# Imaginary roots

1. Oct 27, 2014

### erisedk

1. The problem statement, all variables and given/known data
If both roots of the equation ax^2 + x + c - a = 0 are imaginary and c > -1, then:

Ans: 3a < 2+4c

2. Relevant equations
Discriminant < 0 for img roots
Vieta

3. The attempt at a solution
1-4(a)(c-a)<0
4ac > 4a^2 + 1
Minimum value of 4a^2 + 1 is 1 so
4ac>1

I can't think of anything beyond this and I have no idea how to incorporate c>-1 into my equations.

2. Oct 27, 2014

### HallsofIvy

Staff Emeritus
You mean "both roots are complex" not "imaginary", don't you? It is impossible for that equation to have imaginary roots.

3. Oct 27, 2014

### PeroK

Okay, so far. What sort of inequality is that in relation to a?
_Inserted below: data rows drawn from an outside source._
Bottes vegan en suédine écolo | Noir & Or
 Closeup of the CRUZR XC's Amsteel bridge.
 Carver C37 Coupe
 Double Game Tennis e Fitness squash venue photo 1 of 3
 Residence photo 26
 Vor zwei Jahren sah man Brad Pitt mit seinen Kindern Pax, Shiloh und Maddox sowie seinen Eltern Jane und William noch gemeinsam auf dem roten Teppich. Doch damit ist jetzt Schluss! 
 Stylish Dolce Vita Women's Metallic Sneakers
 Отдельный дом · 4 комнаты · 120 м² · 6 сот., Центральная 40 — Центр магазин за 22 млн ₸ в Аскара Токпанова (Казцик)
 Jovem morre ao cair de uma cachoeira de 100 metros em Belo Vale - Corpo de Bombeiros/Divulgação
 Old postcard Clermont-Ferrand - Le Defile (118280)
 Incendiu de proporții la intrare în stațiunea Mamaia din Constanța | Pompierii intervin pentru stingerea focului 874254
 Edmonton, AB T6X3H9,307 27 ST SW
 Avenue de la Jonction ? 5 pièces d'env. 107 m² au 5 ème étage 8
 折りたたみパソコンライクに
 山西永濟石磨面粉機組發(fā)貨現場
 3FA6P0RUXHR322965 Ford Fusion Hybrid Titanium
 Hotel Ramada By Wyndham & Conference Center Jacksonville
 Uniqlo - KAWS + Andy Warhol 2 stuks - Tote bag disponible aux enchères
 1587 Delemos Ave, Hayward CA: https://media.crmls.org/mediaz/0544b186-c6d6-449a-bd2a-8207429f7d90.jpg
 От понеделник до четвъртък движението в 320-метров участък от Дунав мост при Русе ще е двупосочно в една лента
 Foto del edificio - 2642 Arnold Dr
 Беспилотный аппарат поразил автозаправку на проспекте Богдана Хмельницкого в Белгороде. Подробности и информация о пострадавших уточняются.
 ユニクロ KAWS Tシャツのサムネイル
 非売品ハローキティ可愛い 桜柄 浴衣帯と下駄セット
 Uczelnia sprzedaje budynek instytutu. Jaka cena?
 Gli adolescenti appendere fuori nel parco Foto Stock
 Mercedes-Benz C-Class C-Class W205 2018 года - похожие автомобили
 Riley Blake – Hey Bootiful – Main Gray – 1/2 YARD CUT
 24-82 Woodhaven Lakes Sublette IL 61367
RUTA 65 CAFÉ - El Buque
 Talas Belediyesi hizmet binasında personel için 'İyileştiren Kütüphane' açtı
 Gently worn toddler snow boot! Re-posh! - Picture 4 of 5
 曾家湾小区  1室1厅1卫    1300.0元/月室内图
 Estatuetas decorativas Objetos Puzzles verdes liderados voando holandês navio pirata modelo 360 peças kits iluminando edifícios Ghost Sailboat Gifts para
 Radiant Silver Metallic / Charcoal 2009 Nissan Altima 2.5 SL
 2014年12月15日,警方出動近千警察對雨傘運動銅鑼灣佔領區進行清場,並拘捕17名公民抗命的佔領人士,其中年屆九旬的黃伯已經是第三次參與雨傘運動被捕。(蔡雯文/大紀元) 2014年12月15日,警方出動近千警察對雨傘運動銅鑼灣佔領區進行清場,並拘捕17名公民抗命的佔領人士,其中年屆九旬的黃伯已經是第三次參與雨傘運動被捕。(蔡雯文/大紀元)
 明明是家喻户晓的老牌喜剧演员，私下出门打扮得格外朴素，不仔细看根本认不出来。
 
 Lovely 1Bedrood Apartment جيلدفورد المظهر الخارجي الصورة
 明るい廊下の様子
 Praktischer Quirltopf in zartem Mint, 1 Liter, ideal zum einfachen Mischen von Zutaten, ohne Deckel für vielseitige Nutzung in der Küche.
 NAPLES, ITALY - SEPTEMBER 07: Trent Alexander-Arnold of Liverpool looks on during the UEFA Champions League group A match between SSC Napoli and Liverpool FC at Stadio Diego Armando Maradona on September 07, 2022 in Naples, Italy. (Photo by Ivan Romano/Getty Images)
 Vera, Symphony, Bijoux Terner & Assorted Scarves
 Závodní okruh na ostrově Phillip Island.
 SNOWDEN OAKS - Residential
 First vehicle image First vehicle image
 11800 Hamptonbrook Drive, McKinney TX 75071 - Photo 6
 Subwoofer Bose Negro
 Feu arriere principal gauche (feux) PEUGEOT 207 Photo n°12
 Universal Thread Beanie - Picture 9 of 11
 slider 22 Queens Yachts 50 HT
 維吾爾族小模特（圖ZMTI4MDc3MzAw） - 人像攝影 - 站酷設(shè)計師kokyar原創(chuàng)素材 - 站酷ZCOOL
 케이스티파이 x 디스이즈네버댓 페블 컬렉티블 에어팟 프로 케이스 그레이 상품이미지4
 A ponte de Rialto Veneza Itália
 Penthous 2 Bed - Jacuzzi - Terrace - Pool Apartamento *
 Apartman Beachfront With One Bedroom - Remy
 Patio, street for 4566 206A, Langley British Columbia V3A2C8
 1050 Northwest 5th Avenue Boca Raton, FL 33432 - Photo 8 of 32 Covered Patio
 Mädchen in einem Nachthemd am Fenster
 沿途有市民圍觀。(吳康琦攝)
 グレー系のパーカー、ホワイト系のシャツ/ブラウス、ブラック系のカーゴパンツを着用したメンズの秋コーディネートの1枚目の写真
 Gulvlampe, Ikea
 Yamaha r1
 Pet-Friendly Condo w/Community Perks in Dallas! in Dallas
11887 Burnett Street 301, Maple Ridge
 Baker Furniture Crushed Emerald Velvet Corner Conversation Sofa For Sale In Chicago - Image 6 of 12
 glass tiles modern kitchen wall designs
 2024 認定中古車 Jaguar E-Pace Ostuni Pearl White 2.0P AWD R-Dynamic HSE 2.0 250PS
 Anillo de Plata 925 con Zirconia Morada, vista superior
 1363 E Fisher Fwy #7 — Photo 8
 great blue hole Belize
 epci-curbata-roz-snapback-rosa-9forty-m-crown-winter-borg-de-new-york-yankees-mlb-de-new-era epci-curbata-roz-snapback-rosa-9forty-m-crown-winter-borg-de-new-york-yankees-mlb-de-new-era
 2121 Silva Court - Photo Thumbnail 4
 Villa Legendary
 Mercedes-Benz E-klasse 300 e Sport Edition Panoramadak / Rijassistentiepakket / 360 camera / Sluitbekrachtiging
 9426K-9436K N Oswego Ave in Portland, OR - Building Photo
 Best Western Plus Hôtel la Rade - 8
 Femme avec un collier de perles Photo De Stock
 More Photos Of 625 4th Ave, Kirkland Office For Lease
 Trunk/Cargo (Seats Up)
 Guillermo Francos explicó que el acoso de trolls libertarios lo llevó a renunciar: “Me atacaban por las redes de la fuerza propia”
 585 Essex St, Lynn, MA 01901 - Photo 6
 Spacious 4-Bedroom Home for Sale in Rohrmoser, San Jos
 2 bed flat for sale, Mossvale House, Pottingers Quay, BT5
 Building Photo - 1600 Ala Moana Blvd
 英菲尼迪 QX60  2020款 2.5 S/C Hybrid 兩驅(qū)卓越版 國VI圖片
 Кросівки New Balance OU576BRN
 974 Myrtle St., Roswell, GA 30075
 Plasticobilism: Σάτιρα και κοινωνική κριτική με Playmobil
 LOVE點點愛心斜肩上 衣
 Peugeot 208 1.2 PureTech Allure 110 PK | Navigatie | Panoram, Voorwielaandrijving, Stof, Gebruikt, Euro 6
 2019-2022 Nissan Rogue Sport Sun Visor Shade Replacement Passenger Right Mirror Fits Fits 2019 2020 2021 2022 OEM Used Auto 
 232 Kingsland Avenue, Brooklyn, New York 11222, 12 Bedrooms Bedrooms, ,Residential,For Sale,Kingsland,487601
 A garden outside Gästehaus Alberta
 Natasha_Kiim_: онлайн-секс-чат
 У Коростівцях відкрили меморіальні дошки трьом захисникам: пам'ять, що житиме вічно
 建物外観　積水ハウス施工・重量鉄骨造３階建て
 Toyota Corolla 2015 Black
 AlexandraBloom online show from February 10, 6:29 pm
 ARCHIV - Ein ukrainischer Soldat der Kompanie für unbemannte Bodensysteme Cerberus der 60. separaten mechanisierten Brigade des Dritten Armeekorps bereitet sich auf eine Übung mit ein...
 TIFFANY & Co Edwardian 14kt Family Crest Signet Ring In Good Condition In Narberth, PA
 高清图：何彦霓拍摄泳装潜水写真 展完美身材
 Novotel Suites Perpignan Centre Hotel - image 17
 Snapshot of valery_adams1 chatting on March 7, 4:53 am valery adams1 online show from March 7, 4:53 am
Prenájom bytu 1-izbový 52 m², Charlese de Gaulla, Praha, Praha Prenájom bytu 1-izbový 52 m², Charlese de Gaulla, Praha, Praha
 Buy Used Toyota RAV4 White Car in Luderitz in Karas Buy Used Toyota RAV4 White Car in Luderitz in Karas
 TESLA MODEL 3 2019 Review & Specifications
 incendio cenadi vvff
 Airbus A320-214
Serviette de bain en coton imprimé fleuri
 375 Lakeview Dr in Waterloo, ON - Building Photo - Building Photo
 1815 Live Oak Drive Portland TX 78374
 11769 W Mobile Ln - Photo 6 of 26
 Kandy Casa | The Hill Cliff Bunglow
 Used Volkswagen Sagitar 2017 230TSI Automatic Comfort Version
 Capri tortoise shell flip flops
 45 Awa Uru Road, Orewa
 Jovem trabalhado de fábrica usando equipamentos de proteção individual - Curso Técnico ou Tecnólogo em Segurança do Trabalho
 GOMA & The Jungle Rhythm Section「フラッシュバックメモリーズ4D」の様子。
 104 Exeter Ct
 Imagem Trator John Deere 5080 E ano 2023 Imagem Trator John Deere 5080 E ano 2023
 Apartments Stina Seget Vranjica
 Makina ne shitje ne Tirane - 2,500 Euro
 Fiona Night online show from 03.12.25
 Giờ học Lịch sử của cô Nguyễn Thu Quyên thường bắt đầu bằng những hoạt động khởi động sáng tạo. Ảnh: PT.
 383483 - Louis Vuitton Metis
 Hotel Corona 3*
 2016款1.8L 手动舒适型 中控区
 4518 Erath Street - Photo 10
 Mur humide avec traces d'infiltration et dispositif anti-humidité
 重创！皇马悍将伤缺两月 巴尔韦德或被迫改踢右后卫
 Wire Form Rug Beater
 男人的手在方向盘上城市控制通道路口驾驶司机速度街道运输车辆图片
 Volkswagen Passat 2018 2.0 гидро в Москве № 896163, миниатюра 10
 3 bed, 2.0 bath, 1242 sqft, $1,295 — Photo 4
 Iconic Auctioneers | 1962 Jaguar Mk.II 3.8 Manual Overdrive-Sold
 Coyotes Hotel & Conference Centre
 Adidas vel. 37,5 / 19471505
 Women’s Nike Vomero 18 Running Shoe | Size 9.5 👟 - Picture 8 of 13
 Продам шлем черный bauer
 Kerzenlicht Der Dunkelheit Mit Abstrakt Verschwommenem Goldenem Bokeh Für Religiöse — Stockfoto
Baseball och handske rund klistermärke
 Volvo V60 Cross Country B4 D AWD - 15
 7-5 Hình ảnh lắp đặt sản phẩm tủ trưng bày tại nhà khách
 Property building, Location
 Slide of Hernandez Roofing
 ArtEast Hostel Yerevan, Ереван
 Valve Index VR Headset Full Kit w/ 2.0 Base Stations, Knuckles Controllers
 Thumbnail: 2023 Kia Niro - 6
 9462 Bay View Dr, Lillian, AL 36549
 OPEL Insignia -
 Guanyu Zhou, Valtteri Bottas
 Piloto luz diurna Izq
... although, I don't see how you get that answer and c > 1 would make more sense. Are you sure you've got the question right?

Last edited: Oct 27, 2014
4. Oct 27, 2014

### erisedk

Both roots are complex is the same as both roots are imaginary, I think.

The question is correct, at least should be since it's a question from a test I took yesterday.
I don't have any idea what sort of inequality that is in relation to a.

5. Oct 27, 2014

### PeroK

A complex number has real and imaginary parts. If both roots were imaginary, they would be $\pm bi$ with no real part.

Here's how I would prove the question is wrong:

Let c = 0 (which is > -1), so we have:

$ax^2 + x - a = 0$

The discriminant is $4a^2+1$ which is +ve, so this equation never has complex roots. And the condition 3a < 2 (=2 + 4c) is not relevant.

Ergo the question is wrong.

6. Oct 27, 2014

### erisedk

Wait, why is the condition 3a<2 not relevant?

7. Oct 27, 2014

### PeroK

The answer says that the equation has complex roots when 3a < 2 + 4c. In this case, when 3a < 2 (as c = 0).

But, with c = 0 the equation never has complex roots. Whether 3a < 2 or not has nothing to do with it.

As an exercise, try c = 1. You should be able to work out when the equation has complex roots and show that it not when 3a < 6

8. Oct 28, 2014

### erisedk

The equation always has complex roots for c=1.
That was neat. Thank you!